Oberliga | Guido Steinacker | 30.03.15

So wie in den ersten Wochen

Der Weg zurück in den Kreis der stärksten Teams der Handball-Oberliga der Männer erweist sich für die SG Saulheim als steinig. Bei der 19:25 (10:16)-Niederlage war es allerdings weniger die Heimstärke des VTV Mundenheim, die einen Erfolg verhinderte.
Trainer Rainer Sommer hatte Kristian Jung nicht nur wegen dessen Routine, sondern auch als vorbildlichen Kämpfer im Spätherbst ins Saulheimer Oberligateam zurückgeholt. Dass Jung beim Auftritt in Mundenheim auch noch bester SG-Torschütze war, zeichnet den Rest des Teams nicht gerade aus.
Trainer Rainer Sommer hatte Kristian Jung nicht nur wegen dessen Routine, sondern auch als vorbildlichen Kämpfer im Spätherbst ins Saulheimer Oberligateam zurückgeholt. Dass Jung beim Auftritt in Mundenheim auch noch bester SG-Torschütze war, zeichnet den Rest des Teams nicht gerade aus. | Guido Steinacker

Mundenheim. Sie ist dann doch noch ziemlich unbeständig, die Kontinuität im Leistungsbild von Handball-Oberligist SG Saulheim. Im Auswärtsspiel beim VTV Mundenheim musste Trainer Rainer Sommer einen Rückfall in das alte Muster registrieren – das er schon in seiner Anfangszeit bei der SG mit gewissem Unverständnis registrierte hatte und sich vornehmlich über mangelndes Engagement in Abwehr wie Angriff Ausdruck verleiht.

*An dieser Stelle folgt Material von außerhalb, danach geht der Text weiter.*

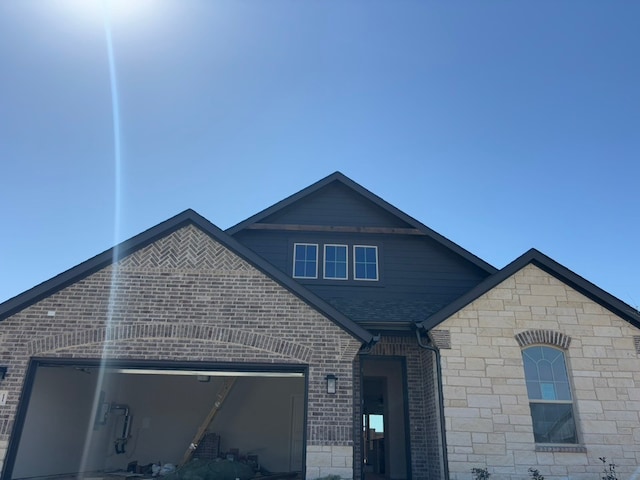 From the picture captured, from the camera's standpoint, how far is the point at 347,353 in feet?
30.9

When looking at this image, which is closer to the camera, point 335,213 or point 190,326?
point 190,326

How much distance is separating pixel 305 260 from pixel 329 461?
580 centimetres

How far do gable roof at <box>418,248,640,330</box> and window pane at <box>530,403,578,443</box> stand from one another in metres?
2.37

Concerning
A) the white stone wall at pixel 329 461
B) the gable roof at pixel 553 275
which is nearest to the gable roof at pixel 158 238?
the gable roof at pixel 553 275

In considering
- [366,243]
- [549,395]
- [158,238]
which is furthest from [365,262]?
[158,238]

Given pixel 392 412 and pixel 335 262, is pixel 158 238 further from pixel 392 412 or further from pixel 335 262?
pixel 392 412

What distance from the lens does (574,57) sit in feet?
36.6

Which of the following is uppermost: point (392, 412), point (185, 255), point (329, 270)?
point (329, 270)

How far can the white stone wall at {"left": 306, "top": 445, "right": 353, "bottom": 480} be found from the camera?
28.0 feet

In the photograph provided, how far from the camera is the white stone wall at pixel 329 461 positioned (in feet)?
28.0

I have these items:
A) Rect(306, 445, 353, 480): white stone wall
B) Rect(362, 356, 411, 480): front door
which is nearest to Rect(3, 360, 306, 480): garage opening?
Rect(362, 356, 411, 480): front door

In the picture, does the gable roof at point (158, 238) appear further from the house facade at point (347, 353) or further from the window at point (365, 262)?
the window at point (365, 262)

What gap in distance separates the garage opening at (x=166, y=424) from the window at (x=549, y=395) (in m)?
5.14

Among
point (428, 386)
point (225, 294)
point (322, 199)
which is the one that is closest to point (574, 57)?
point (322, 199) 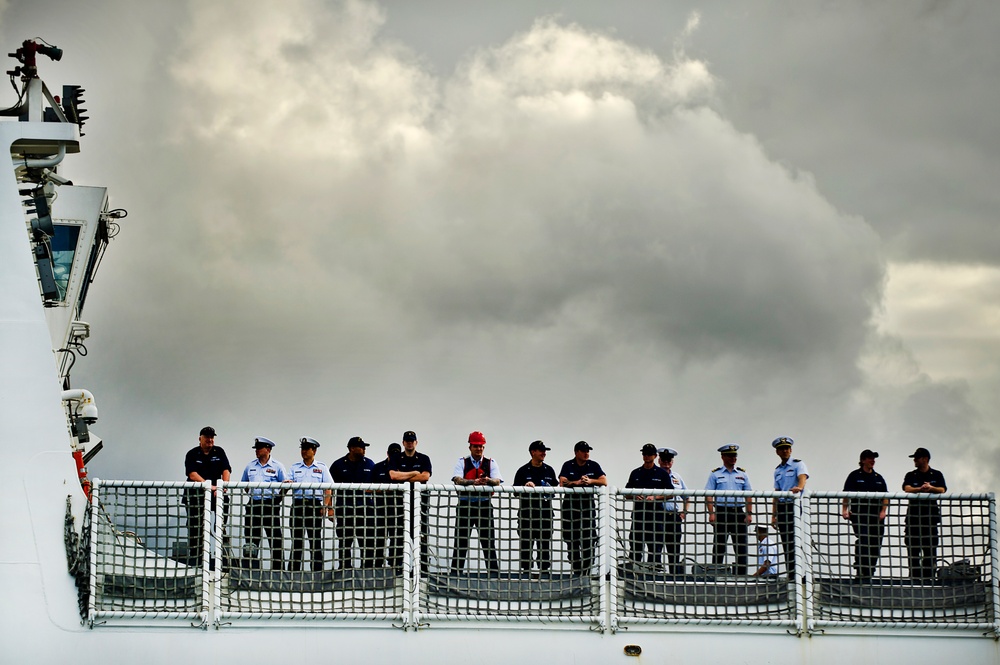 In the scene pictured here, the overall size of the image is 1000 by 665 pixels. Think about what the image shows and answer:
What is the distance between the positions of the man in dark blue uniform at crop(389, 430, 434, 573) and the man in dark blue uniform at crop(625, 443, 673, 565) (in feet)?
6.55

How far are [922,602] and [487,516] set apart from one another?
4.42 m

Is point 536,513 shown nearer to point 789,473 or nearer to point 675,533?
point 675,533

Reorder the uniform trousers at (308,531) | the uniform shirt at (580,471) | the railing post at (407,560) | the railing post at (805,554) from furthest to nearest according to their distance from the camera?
the uniform shirt at (580,471), the railing post at (805,554), the uniform trousers at (308,531), the railing post at (407,560)

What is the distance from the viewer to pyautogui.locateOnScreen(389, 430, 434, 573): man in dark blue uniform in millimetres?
10445

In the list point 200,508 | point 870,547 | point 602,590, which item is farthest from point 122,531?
point 870,547

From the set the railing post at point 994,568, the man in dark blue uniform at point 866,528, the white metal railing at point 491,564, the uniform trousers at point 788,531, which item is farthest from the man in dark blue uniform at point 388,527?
the railing post at point 994,568

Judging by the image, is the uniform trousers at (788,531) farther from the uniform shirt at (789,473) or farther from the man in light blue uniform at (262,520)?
the man in light blue uniform at (262,520)

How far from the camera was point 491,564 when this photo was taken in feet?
35.4

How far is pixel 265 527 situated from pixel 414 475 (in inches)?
68.0

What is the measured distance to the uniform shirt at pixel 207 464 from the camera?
11766 millimetres

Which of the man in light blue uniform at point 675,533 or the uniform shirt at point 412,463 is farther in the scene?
the uniform shirt at point 412,463

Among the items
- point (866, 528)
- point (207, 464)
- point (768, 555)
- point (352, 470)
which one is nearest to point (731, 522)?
point (768, 555)

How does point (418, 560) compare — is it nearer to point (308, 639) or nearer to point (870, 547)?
point (308, 639)

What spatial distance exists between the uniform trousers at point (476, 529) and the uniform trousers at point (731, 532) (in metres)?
2.18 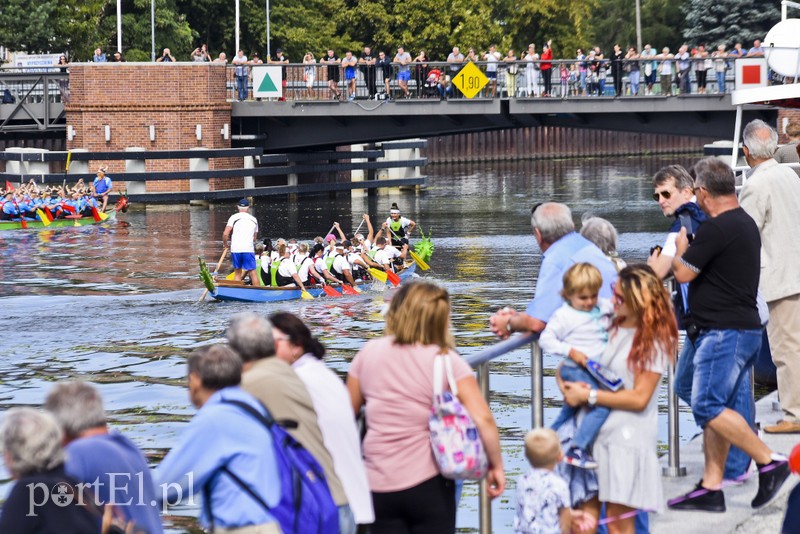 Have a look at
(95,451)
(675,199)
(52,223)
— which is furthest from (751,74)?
(95,451)

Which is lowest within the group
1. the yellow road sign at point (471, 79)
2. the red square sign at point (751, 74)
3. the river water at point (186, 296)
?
the river water at point (186, 296)

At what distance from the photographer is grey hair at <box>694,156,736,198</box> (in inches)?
297

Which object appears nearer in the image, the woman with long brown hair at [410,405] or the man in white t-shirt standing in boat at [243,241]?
the woman with long brown hair at [410,405]

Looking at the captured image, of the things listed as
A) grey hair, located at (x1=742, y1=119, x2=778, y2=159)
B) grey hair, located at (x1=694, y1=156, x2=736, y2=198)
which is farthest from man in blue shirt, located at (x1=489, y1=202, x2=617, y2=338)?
grey hair, located at (x1=742, y1=119, x2=778, y2=159)

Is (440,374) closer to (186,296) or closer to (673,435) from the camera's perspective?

Kein Zufall war es so, dass bei der 19:25 (10:16)-Niederlage ein Kämpfertyp wie Rückraummitte Kristian Jung mit seinen fünf Treffern das Topergebnis im Angriff ablieferte – jener Spieler, der sich vom Oberligahandball nach der vergangenen Runde eigentlich verabschiedet hatte, und den Sommer nach dessen ersten Wochen bei der SG, weil er so einen Kampfhandballer suchte, aus dem Rheinhessenligateam wieder hochzog. Ansonsten trug keiner der zwölf Feldspieler in Ludwigshafen mehr als zwei Feldtore zum Saulheimer Offensivergebnis bei.

Nach fünf Minuten ständig im Rückstand

Schon beim 2:2 (5.) stand es letztmals unentschieden, ab Mitte der ersten Hälfte etablierten sich Rückstände von fünf bis sechs Treffern (8:3, 14.; 7:12, 20.). Der Plan, nach dem Seitenwechsel noch einmal etwas zu versuchen, ging nicht auf (11:21, 38.). Ab diesem höchsten Rückstand des Abends konnte die SG einen guten Teil des verlorenen Bodens vor allem über eine erfolgreichere  Defensivarbeit wiedergutmachen (16:22, 49.), doch damit war auch Schluss mit dem Aufholen.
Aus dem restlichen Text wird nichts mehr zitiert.